## [EXERCISE DATA]
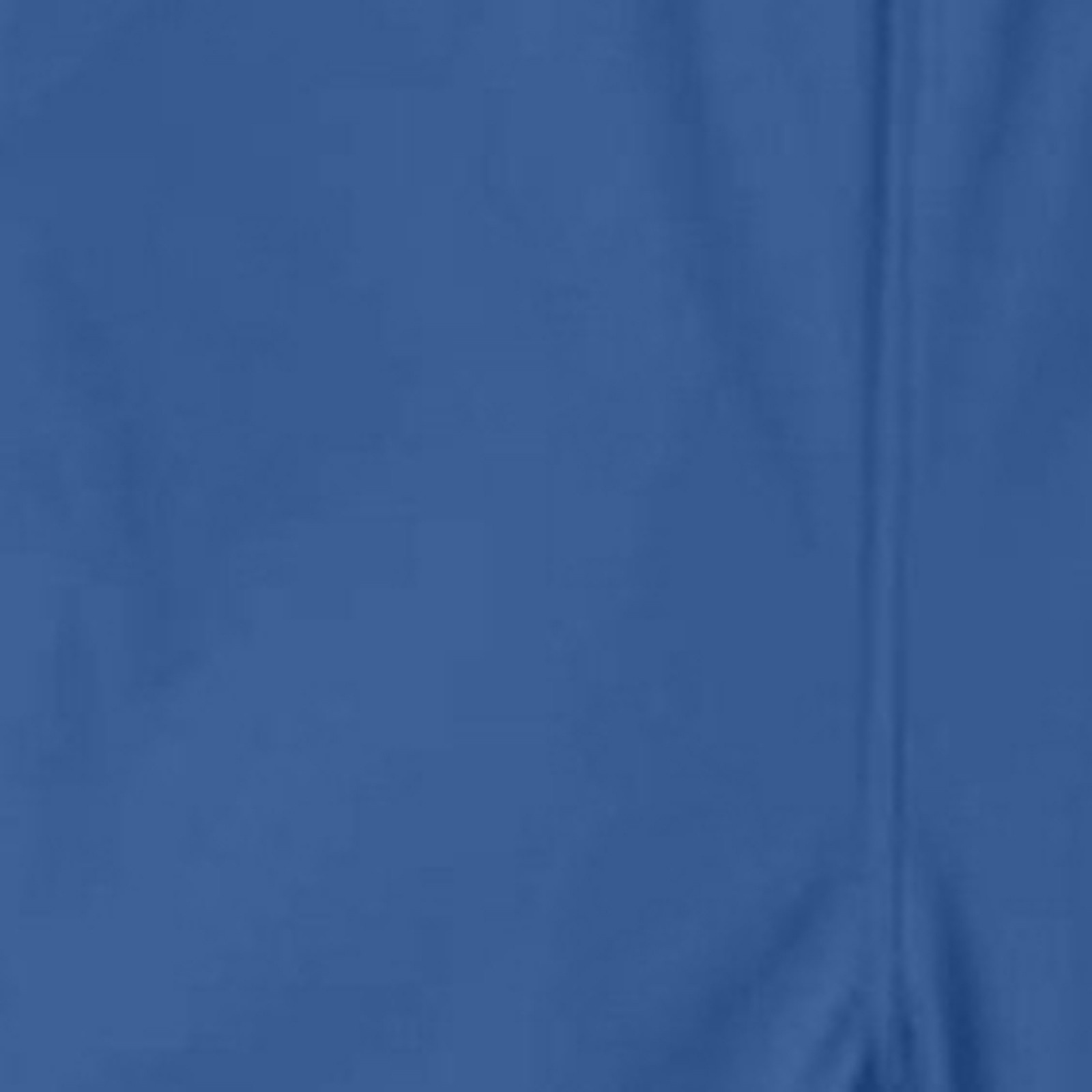 1-8Y Regenhose Kleinkind Kinde – Kids Outdoor Jumpsuit Bewertung und Preis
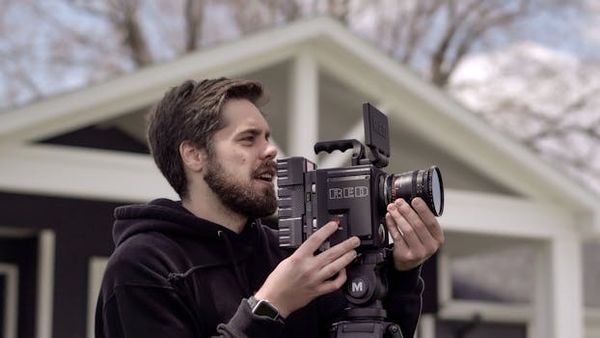Ottawa Filmmaker's Documentary on Women's Pro Soccer Is One to Watch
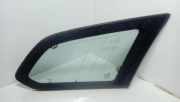Kleines Seitenfenster hinten links OPEL ASTRA J Sports Tourer 1.7 CDTI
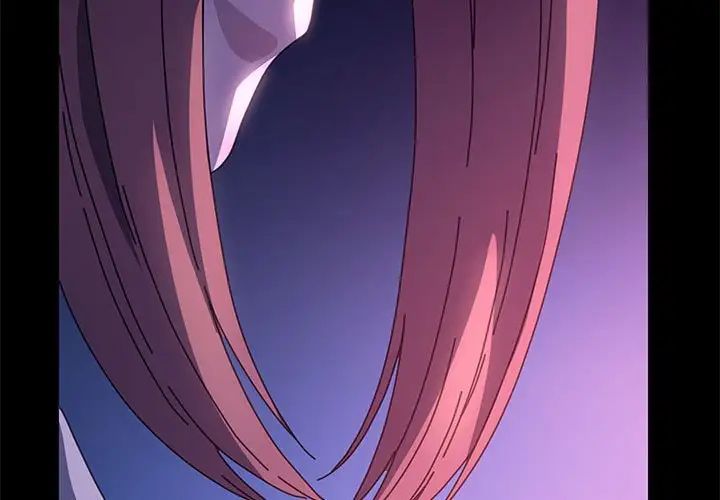 赘婿要通吃第42话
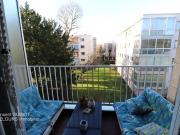 Appartement de luxe de 5 pièces en vente à Saint Germain...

## [EXERCISE DESCRIPTION]
Reproduce the material exactly; keep pictures out.

## [EXERCISE RESPONSE]
 1-8Y Regenhose Kleinkind Kinde – Kids Outdoor Jumpsuit Bewertung und Preis
Ottawa Filmmaker's Documentary on Women's Pro Soccer Is One to Watch
Kleines Seitenfenster hinten links OPEL ASTRA J Sports Tourer 1.7 CDTI
 赘婿要通吃第42话
 Appartement de luxe de 5 pièces en vente à Saint Germain...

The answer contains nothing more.